Do nosso leitor Mário Franklin da Cunha Gastal, de Pelotas, recebemos a colaboração abaixo, em que ele comenta o conteúdo de uma carta do século 19, que revela o cotidiano de uma autoridade às voltas com pequenas questões de sua comunidade enquanto a Província começava a arder em uma guerra que duraria 10 anos. Depois, reproduzimos o texto da correspondência na íntegra, preservando a grafia original do documento.
“Passada uma semana do início da Revolução Farroupilha, o major Manoel Soares Lima, pertencente ao Exército Brasileiro, com sede na então Vila de Nossa Senhora da Conceição de Cachoeira (atual cidade de Cachoeira do Sul, na Região Central), enviou uma carta ao seu cunhado José Pereira da Silva. Nela, pede auxilio na condução de uma questão envolvendo um escravo acusado de um crime não especificado e a dona dele, tida como defensora dos escravos.

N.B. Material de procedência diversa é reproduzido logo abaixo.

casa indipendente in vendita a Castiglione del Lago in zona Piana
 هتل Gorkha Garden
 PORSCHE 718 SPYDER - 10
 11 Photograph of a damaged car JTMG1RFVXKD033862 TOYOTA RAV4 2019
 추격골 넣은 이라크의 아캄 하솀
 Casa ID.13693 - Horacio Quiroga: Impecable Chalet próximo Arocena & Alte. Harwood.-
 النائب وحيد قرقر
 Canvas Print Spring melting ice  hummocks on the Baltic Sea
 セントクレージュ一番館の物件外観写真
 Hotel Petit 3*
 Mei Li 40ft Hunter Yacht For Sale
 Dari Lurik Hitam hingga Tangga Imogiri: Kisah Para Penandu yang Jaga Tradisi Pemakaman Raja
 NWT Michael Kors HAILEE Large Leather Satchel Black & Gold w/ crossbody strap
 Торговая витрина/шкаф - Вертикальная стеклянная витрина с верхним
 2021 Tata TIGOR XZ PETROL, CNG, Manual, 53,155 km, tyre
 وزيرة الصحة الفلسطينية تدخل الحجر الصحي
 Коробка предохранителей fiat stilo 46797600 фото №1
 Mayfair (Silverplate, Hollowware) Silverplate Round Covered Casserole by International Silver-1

Manoel era subdelegado substituto e esta missiva parece ter sido seu primeiro envolvimento com a função.
Interessante observar que o militar não demonstra nenhuma outra preocupação maior, ou seja, ele não teria conhecimento dos preparativos nem tinha alguma noção exata da eclosão do movimento que afetaria para sempre a Província. Apenas depois de terminada a carta, num pós-escrito, pede notícias dos 'barulhos' de Porto Alegre e Rio Pardo, afirmando estar assombrado com isto. Leiam:"
"Ilmo Snr
Joze Pereira da Silva
Caxoeira
Compadre e Amigo
Ei de estimar a sua saude em companhia de minha mana e mais familia.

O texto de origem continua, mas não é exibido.